Obi the brave police dog who suffered horrific injuries during riots in London last week is said to be recovering well.

The brave police dog whose skull was fractured during the riots patrolled the streets for two hours despite being horrifically injured. The dog was pelted with bricks, bottles and petrol bombs and was bleeding from the head but stayed on the streets as the dog played a crucial role in retaining order and helping the police manage the escalating situation on Tottenham High Road.

PC Wells has handled Obi since he was eight months old and has described the dog as part of his young family. The Police constable said he had never witnessed such a sustained attack on him or his animal and has praised the dog for his bravery.

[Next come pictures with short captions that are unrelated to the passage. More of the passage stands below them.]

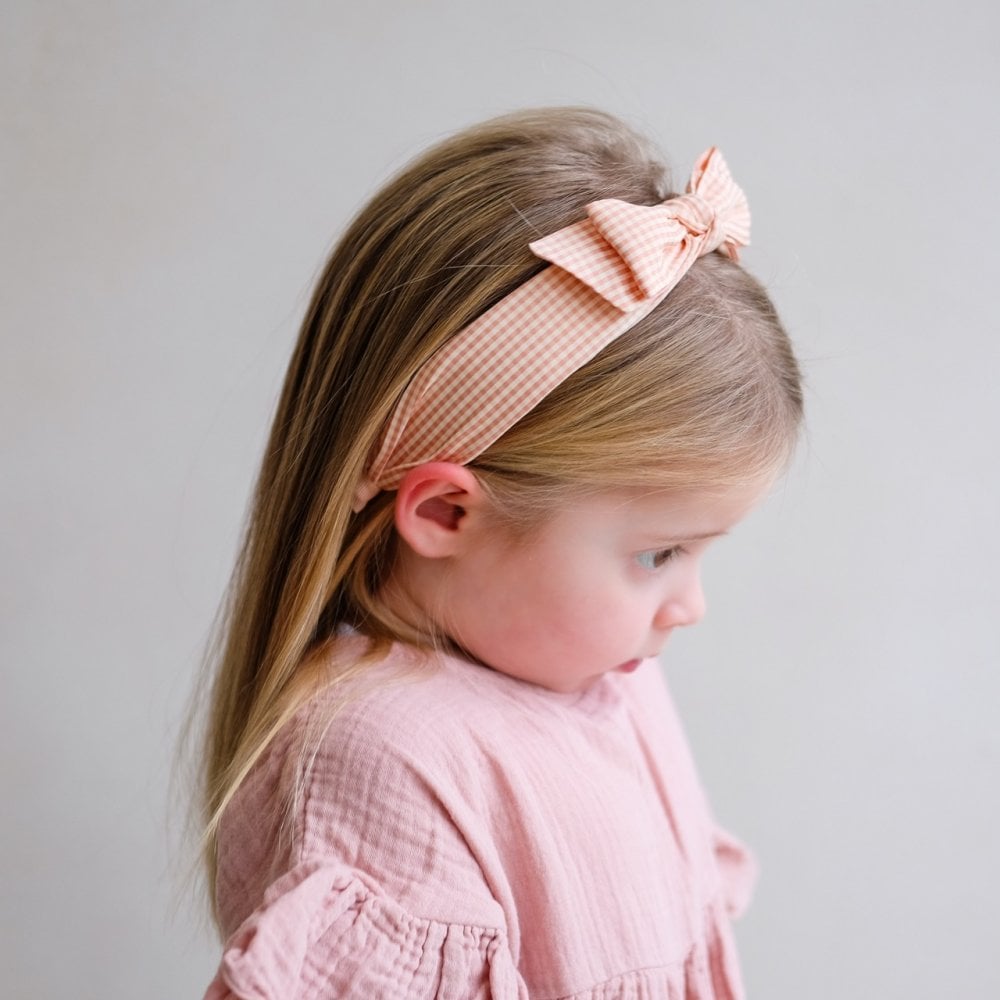PEACH GINGHAM EDIE BOW ALICE HEADBAND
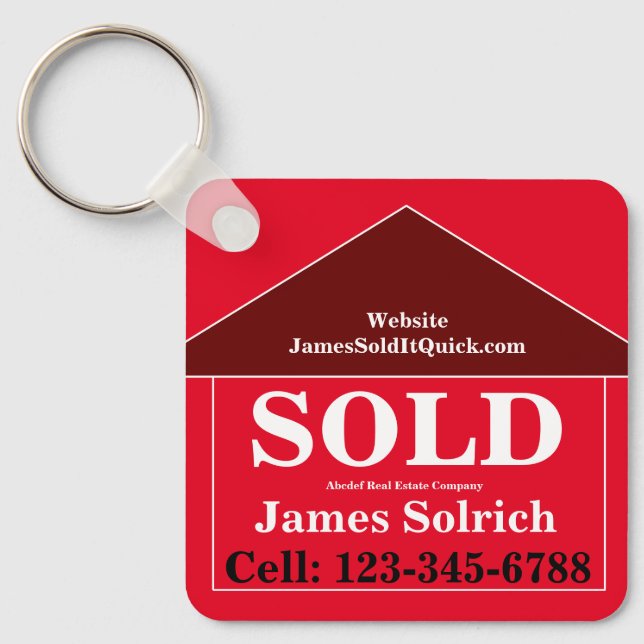 Real Estate MARKETING GIFT Name Script Modern Cool Key Ring (Front)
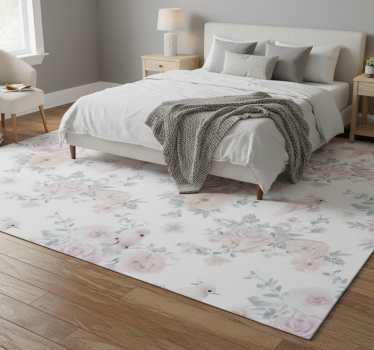 Covor vinil dormitor design flori elegante gri - TenStickers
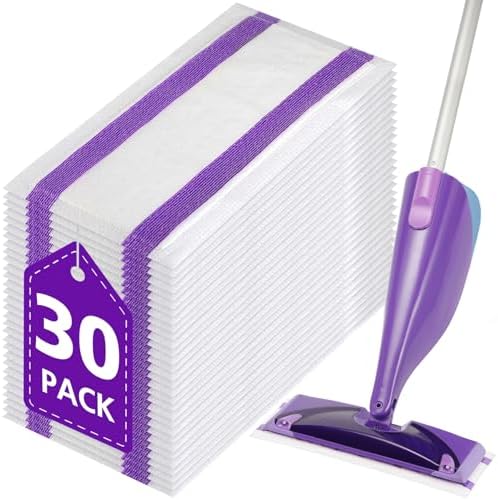 Zeekech 30 Count Spray Mop Pad Refills for Swiffer WetJet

"Obi is trained in public order, and that may be dispersing a crowd or pushing them back. We were on a stationary point when we came under heavy bombardment," he was quoted as saying by the BBC.

"There were lots of missiles coming at us, bottles, bricks, petrol bombs, street furniture, too many to count and one hit Obi on the top of the head. Initially he was a bit shocked but I gave him a check-over and tried to avoid any further injuries and after the initial shock he seemed fine so we carried on for another couple of hours," he continued.

Despite being signed off for duty until he has fully recovered, Obi only outwardly signs of injury is a small shaven patch above his eye where vets checked for bruising. Riot police were called to Tottenham High Road when trouble flared after a [peaceful march in protest of the fatal shooting of Mark Duggan.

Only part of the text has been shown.